[Items from a data source]
•••
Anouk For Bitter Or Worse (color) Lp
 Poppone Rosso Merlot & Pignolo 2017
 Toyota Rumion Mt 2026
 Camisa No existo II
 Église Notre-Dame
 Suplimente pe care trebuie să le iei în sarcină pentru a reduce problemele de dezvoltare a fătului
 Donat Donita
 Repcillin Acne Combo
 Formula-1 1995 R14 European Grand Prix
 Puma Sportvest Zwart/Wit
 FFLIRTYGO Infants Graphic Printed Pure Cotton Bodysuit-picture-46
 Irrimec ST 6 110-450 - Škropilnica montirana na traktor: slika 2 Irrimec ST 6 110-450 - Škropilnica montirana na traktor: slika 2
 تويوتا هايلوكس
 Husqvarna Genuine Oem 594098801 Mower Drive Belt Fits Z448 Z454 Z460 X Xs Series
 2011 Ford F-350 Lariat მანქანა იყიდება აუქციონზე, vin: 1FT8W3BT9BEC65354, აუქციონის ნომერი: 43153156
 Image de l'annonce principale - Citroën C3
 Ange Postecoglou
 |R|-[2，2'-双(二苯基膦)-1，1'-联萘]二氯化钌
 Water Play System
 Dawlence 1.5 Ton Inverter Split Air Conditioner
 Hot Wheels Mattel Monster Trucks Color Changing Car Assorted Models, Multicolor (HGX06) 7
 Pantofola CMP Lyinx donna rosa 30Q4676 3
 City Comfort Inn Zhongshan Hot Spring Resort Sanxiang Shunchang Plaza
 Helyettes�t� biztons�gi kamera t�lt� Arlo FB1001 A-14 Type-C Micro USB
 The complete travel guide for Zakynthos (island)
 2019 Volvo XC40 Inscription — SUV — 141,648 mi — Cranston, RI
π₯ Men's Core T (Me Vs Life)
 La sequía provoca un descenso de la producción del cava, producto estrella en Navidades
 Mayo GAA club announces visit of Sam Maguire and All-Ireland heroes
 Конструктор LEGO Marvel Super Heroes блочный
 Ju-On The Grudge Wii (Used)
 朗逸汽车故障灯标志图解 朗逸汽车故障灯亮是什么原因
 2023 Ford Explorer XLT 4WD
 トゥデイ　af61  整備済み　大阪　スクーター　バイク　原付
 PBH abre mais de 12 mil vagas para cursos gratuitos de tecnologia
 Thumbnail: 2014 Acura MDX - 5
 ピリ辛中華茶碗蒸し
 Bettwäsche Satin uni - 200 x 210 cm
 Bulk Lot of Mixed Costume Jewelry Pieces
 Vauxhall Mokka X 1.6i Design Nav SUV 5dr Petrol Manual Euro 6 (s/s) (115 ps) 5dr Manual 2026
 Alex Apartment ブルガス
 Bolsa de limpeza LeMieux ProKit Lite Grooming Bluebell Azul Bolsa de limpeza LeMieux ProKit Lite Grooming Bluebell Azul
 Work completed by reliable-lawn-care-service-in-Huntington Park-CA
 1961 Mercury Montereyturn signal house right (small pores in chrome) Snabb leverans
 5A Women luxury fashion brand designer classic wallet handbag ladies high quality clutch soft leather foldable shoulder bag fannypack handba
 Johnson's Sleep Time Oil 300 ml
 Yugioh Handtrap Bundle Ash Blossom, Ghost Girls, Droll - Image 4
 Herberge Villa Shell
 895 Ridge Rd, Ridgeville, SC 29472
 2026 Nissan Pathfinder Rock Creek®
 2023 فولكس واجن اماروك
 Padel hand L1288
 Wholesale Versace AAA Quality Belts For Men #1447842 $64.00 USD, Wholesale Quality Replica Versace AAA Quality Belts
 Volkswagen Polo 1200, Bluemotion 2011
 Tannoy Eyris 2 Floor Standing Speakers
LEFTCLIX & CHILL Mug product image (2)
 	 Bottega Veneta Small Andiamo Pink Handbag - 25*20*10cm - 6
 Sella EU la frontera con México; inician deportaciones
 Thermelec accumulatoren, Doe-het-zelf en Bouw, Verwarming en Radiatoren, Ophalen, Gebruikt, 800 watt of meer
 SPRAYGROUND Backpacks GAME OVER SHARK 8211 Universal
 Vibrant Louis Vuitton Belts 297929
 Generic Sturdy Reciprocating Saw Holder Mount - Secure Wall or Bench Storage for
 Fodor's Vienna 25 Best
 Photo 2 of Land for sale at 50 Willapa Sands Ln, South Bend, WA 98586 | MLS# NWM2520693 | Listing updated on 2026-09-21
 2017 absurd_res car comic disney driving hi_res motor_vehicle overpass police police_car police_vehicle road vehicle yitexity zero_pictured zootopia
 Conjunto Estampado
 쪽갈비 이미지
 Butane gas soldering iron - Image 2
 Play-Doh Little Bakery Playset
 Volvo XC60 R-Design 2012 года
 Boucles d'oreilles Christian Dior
•••
§ **Work request**
Reproduce only the lines above spanning from the line containing "π₯ Men's Core T (Me Vs Life)" through the line containing "Padel hand L1288", word for word.

§ **Reply to the exercise**
π₯ Men's Core T (Me Vs Life)
 La sequía provoca un descenso de la producción del cava, producto estrella en Navidades
 Mayo GAA club announces visit of Sam Maguire and All-Ireland heroes
 Конструктор LEGO Marvel Super Heroes блочный
 Ju-On The Grudge Wii (Used)
 朗逸汽车故障灯标志图解 朗逸汽车故障灯亮是什么原因
 2023 Ford Explorer XLT 4WD
 トゥデイ　af61  整備済み　大阪　スクーター　バイク　原付
 PBH abre mais de 12 mil vagas para cursos gratuitos de tecnologia
 Thumbnail: 2014 Acura MDX - 5
 ピリ辛中華茶碗蒸し
 Bettwäsche Satin uni - 200 x 210 cm
 Bulk Lot of Mixed Costume Jewelry Pieces
 Vauxhall Mokka X 1.6i Design Nav SUV 5dr Petrol Manual Euro 6 (s/s) (115 ps) 5dr Manual 2026
 Alex Apartment ブルガス
 Bolsa de limpeza LeMieux ProKit Lite Grooming Bluebell Azul Bolsa de limpeza LeMieux ProKit Lite Grooming Bluebell Azul
 Work completed by reliable-lawn-care-service-in-Huntington Park-CA
 1961 Mercury Montereyturn signal house right (small pores in chrome) Snabb leverans
 5A Women luxury fashion brand designer classic wallet handbag ladies high quality clutch soft leather foldable shoulder bag fannypack handba
 Johnson's Sleep Time Oil 300 ml
 Yugioh Handtrap Bundle Ash Blossom, Ghost Girls, Droll - Image 4
 Herberge Villa Shell
 895 Ridge Rd, Ridgeville, SC 29472
 2026 Nissan Pathfinder Rock Creek®
 2023 فولكس واجن اماروك
 Padel hand L1288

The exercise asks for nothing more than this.